A statement on the Broadcasting Bill by communications minister Richard Bruton TD has been broadly welcomed by the representative body Community Radio Ireland (CRAOL), especially the potential increase in Sound & Vision funding, and the granting of bursaries to journalists in local and community stations and the exemption from the broadcasting levy.
However, CRAOL chairperson Declan Gibbons is concerned that the minister’s statement refers to the levy exemption being open to only “some”, but not others. “All community radio stations are not-for-profit community groups who play a vital role in ensuring a diverse mix of services and depend upon grant aid and donations to exist,” Gibbons said.
Gibbons called on the minister to do the right thing here and exempt all community stations from the levy that signed up to the AMARC charter. If IMRO and the PPI understand community radio and facilitate a flat rate for all stations – independent of income – should the regulator not do likewise? He urged the minister to ensure that there will be no levy.

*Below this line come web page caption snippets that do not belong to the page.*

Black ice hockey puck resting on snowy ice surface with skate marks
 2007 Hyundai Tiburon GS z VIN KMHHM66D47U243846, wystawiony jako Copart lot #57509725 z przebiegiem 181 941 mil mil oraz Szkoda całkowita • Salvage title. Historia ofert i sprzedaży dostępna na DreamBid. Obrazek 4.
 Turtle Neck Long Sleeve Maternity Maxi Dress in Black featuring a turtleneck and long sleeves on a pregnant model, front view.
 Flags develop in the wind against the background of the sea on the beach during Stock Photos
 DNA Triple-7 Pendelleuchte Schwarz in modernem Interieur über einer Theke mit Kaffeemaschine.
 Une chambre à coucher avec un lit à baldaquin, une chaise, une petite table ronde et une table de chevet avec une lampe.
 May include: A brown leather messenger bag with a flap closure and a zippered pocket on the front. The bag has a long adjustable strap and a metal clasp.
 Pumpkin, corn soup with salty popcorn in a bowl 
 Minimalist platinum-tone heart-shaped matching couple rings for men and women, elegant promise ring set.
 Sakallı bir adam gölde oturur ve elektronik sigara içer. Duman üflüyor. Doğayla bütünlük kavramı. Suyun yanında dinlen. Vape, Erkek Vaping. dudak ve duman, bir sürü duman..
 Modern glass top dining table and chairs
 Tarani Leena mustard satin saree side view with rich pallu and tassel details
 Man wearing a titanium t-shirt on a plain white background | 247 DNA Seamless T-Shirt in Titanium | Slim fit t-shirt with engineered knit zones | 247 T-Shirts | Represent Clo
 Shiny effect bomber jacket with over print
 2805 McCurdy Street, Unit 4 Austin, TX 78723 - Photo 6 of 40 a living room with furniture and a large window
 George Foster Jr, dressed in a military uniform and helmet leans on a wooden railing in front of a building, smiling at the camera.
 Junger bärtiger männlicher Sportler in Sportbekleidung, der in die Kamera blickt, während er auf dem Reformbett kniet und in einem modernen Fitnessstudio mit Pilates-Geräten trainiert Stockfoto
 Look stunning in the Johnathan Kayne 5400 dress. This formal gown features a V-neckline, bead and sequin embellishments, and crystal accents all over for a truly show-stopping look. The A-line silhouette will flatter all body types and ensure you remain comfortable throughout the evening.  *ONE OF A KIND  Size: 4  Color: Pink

Every week, 2,000 community radio volunteers broadcast to 170,000 people in 21 licensed stations. CRAOL points out that community radio is volunteer-led and driven, with the support of professional staff. It is not a competitor to the commercial radio broadcasters, but is an extra service licensed and supervised by the Broadcasting Authority of Ireland (BAI).
The BAI’s Sound and Vision scheme, funded by the television licence fee, provides support for making documentaries and radio drama. Local council and leader scheme grants help as well as community job schemes. The stations provide diversity in programme production and presentation, with news and current affairs and documentaries of community interest.
They specifically encourage writers and dramatists in the community.